Chief Justice Ronald M. George and Justices Joyce L. Kennard, Kathryn M. Werdegar, Ming Chin and Carol Corrigan voted to grant review in In re David V., 166 Cal.App.4th 801, decided Sept. 8. Justices Carlos Moreno and Marvin Baxter voted to deny review.

Officer’s Testimony

Div. Five upheld Los Angeles Superior Court Judge Fred Fujioka’s finding that David V., as he was identified in the opinion, minor possessed “metal knuckles,” based on a police officer’s testimony that gang members often use bicycle footrests similar to the one he found in the minor’s pocket as weapons.

Concluding that the Legislature intended the statute defining metal knuckles as a weapon “worn…in or on the hand” to reach objects held in a closed fist, as well as those that can be attached to the hand, Div. Five said Fujioka could reasonably have concluded that the minor was carrying the footrest as a weapon, and not with the general intent of using it for its intended purpose, based on the officer’s testimony that there was no means of affixing the footrest to the bicycle the minor was riding when stopped.

The minor was charged with after the officer stopped him and recovered the footrest—which was a cylindrical object, approximately three and a half inches long and an inch and a half in diameter, and designed for attachment to a bicycle—from the minor’s rear pants pocket.

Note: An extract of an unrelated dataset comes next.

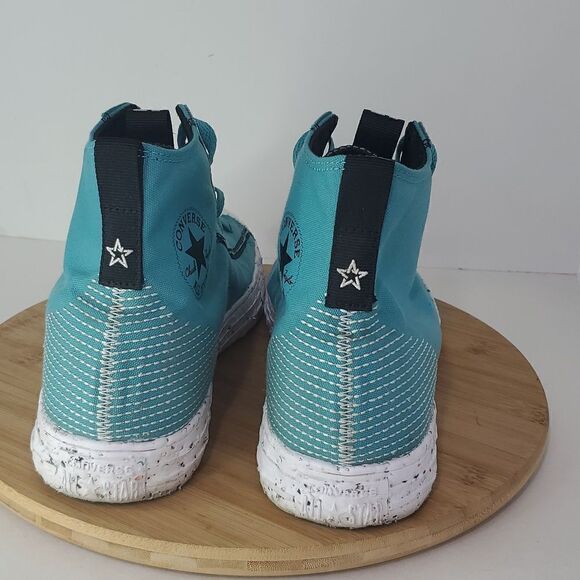Converse Chuck Taylor All Star Crater Hi Top Shoe Teal 170826C Men's Size 12 - Picture 7 of 10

Testifying that there were no other footrests already attached to the bicycle, the officer said that he could neither secure the footrest to the bicycle, even though the system of attachment appeared fairly basic, nor could he find a place where it could be attached.

The officer, who was presented at trial as a gang expert, also testified that bicycle footrests are commonly used as metal knuckles, explaining that, with the cylindrical object placed in the hand with the fingers rolled over it, it can be used “as an impact punching device to further the effect of punching.”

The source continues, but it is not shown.